Saturday Night: Iron Maiden at The Woodlands
With 15 studio albums and at least as many world tours now under its belt, Iron Maiden is not a band from which fans are seeking innovative new sounds. More than 30 years after they shoved heavy metal in an electrifying new direction with their self-titled debut and sophomore classic, Killers, the British rock stalwarts' show is mostly a celebration of reliability: Reliable riffs, reliable props and reliable precision.
Saturday night at the Cynthia Woods Mitchell Pavilion, Iron Maiden reliably delivered. Better than many of their peers on the heavy-metal nostalgia circuit, Maiden is adept at infusing nostalgia with novelty. This summer's Maiden England World Tour harkens back to the band's 1989 live VHS of the same name, which captured the band's '88 tour in support of the album Seventh Son of a Seventh Son. That trek's 24-year-old set list and stage dressings were dusted off for the occasion.
Rehashed as it was, the show was still spectacular. Not just spectacular for some old dudes with pointy guitars, either -- just plain spectacular, period. A lot of the credit has to go to the crowd. A fist-pumping sea of black Iron Maiden shirts, they joyously hung on every note.
After a modestly received set by emo progsters Coheed and Cambria, Maiden appeared to orgiastic approval for a pair of tunes from Seventh Son, "Moonchild" and "Can I Play With Madness." On a stage set to resemble the frozen hell depicted on that record's cover, the band would go on to play more than half of the album's songs, several of which have become live rarities in the ensuing decades.
During the doomsday revel "2 Minutes to Midnight," Maiden comfortingly (and convincingly) proved that they can still match their fans' energy. Steve Harris fired off machine-gun licks on his bass as singer Bruce Dickinson nimbly leapt off of monitors, just as they always have. Drummer Nicko McBrain was completely obscured by his kit in the middle of the group's multi-tiered set, but when the cameras caught his face, he looked once again to be having more fun than anyone else in the amphitheater.

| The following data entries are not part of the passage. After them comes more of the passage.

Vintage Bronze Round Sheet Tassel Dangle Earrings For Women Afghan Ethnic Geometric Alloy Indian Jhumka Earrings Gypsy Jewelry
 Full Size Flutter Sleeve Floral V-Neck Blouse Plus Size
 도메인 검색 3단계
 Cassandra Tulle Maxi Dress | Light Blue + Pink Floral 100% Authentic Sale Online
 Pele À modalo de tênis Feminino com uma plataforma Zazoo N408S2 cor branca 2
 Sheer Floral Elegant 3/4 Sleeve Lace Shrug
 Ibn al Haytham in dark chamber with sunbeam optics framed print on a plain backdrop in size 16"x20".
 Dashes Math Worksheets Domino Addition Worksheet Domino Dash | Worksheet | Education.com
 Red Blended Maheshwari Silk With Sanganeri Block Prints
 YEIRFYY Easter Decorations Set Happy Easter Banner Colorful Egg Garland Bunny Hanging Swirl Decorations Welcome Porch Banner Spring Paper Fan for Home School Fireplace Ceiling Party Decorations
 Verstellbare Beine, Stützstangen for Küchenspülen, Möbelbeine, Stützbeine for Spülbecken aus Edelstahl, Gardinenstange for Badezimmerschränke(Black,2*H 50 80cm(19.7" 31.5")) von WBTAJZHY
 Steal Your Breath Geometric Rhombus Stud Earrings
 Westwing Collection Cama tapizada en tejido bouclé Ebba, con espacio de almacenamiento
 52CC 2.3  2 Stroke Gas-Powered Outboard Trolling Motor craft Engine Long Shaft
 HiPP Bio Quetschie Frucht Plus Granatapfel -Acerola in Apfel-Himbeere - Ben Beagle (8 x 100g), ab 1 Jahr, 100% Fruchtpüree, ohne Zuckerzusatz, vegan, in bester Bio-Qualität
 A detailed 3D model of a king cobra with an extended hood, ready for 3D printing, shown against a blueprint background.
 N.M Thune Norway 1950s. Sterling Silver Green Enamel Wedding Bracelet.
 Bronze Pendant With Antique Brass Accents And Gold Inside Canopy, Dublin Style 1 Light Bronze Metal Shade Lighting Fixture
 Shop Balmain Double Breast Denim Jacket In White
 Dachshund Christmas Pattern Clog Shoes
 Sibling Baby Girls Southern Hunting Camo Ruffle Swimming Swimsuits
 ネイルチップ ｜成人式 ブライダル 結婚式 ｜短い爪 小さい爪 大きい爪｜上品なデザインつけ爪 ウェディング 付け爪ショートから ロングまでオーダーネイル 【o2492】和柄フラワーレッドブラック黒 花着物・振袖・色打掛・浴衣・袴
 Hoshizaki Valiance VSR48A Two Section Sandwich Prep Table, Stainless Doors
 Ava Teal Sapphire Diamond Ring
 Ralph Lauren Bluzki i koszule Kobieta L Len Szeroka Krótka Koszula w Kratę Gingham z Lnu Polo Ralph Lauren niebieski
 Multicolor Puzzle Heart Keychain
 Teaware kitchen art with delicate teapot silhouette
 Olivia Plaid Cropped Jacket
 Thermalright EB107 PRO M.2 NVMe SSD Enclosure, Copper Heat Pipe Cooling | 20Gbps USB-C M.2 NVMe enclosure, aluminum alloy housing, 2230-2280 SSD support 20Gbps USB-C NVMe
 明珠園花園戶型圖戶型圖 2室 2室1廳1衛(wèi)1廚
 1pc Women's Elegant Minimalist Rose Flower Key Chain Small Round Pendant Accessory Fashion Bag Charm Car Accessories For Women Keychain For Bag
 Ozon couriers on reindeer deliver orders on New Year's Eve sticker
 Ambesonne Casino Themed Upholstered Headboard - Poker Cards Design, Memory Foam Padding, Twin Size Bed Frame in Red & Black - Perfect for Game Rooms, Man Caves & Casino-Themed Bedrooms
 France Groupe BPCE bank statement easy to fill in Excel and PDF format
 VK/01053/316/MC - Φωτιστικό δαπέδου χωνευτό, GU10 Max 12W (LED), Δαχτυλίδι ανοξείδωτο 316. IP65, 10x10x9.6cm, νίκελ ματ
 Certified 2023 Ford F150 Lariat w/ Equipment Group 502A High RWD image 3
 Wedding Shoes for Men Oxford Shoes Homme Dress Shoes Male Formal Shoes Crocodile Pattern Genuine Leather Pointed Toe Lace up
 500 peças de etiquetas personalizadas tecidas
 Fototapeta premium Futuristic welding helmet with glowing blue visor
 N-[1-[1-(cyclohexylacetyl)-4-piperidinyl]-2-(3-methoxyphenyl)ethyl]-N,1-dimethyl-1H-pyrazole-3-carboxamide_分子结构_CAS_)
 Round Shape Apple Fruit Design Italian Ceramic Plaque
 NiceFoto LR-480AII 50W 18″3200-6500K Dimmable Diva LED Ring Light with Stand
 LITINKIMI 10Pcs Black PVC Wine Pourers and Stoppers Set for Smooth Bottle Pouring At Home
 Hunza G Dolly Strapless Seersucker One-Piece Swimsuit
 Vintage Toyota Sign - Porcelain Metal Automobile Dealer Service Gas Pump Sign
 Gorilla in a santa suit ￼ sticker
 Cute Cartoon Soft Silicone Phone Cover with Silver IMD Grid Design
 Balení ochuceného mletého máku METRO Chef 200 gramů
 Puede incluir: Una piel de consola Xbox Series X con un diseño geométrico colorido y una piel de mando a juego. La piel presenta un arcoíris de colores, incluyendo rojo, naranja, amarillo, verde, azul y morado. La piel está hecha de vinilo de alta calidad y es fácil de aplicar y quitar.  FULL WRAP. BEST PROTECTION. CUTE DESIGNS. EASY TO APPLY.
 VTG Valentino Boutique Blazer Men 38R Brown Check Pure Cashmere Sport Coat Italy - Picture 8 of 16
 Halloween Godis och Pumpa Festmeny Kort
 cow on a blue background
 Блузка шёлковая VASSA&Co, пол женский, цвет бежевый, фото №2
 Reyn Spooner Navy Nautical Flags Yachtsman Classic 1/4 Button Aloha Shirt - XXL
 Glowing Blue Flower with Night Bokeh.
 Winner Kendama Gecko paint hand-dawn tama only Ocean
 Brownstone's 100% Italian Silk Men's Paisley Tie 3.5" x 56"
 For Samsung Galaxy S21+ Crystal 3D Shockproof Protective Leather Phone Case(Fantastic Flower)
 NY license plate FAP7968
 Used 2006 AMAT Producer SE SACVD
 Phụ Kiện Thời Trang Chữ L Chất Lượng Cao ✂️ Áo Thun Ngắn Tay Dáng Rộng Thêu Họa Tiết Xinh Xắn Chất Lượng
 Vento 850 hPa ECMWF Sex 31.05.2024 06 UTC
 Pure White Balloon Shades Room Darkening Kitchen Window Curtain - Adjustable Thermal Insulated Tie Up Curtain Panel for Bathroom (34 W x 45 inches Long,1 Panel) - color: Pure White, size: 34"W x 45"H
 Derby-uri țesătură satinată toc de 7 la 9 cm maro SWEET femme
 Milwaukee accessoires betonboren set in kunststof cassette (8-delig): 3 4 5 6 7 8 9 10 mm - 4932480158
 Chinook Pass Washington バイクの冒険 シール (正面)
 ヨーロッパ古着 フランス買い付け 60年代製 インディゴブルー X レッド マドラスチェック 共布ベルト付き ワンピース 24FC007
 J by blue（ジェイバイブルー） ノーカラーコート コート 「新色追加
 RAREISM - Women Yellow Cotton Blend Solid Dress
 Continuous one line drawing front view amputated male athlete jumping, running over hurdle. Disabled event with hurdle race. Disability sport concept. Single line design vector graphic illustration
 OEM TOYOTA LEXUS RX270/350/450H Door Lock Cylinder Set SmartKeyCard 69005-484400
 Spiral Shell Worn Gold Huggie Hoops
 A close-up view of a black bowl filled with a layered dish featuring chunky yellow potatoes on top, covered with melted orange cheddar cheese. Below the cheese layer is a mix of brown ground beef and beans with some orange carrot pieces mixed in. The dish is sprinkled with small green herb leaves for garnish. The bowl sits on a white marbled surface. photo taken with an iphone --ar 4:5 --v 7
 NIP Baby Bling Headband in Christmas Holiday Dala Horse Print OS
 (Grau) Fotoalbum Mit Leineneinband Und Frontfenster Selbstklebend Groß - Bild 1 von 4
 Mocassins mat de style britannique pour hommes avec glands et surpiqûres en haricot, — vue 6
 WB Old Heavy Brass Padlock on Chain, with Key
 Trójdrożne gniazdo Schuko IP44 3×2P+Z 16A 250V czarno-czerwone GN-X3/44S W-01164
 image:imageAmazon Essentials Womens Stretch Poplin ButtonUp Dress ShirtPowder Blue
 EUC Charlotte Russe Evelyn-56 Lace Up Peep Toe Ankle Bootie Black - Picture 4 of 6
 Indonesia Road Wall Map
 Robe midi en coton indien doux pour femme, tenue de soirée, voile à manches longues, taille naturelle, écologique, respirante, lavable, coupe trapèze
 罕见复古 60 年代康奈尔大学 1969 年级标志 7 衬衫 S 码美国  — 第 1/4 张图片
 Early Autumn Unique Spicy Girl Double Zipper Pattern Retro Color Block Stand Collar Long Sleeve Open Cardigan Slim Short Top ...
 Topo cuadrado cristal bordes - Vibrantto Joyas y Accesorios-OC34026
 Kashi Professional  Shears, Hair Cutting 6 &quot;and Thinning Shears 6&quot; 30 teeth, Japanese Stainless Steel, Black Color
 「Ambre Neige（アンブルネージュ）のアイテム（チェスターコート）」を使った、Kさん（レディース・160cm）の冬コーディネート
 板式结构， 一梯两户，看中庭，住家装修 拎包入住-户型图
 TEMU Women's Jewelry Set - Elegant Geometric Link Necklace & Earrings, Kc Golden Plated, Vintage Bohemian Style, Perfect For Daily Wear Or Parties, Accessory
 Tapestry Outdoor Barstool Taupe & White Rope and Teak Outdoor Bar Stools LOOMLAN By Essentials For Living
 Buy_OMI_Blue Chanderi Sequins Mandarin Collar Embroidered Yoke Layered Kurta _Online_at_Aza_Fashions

The ecstatic crowd was more than happy to play its role in the show, too. They banged their heads, clapped their hands and held up hundreds of posters, banners and flags as electricity crackled through the venue. Though many in attendance looked old enough to be reliving long-gone high-school salad days, a large contingent of teens in the crowd were clearly having their minds blown for the very first time.
"Scream for me, Houston!" Dickinson demanded, and the audience repeatedly obliged.